╭──

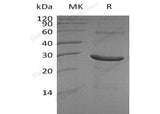 Recombinant Human IA2/PTPRN Protein (aa 607-Asn686 & aa 795-888, His Tag)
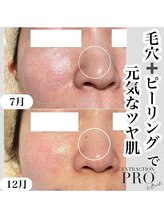 ルアナ(Luana)/【シリカ＋毛穴コース】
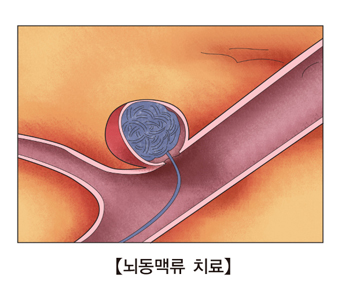  뇌 동맥류 치료 그림 예시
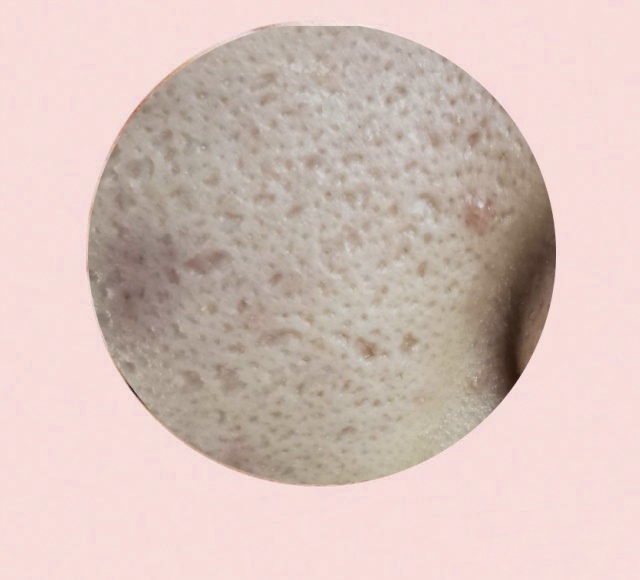 油皮毛孔粗大毛孔多要怎么改善,油皮毛孔粗大护肤品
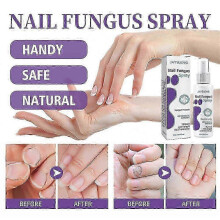 (5) Fungus Spray 100Ml, Fungal Nail Treatment, Advanced Foot and Nail Spray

╰──

● **Exercise**
Going from the line with "ルアナ(Luana)/【シリカ＋毛穴コース】" to the last line of the listing, write out each line exactly and nothing else. Leave out all pictures.

● **Answer to this exercise**
 ルアナ(Luana)/【シリカ＋毛穴コース】
  뇌 동맥류 치료 그림 예시
 油皮毛孔粗大毛孔多要怎么改善,油皮毛孔粗大护肤品
 (5) Fungus Spray 100Ml, Fungal Nail Treatment, Advanced Foot and Nail Spray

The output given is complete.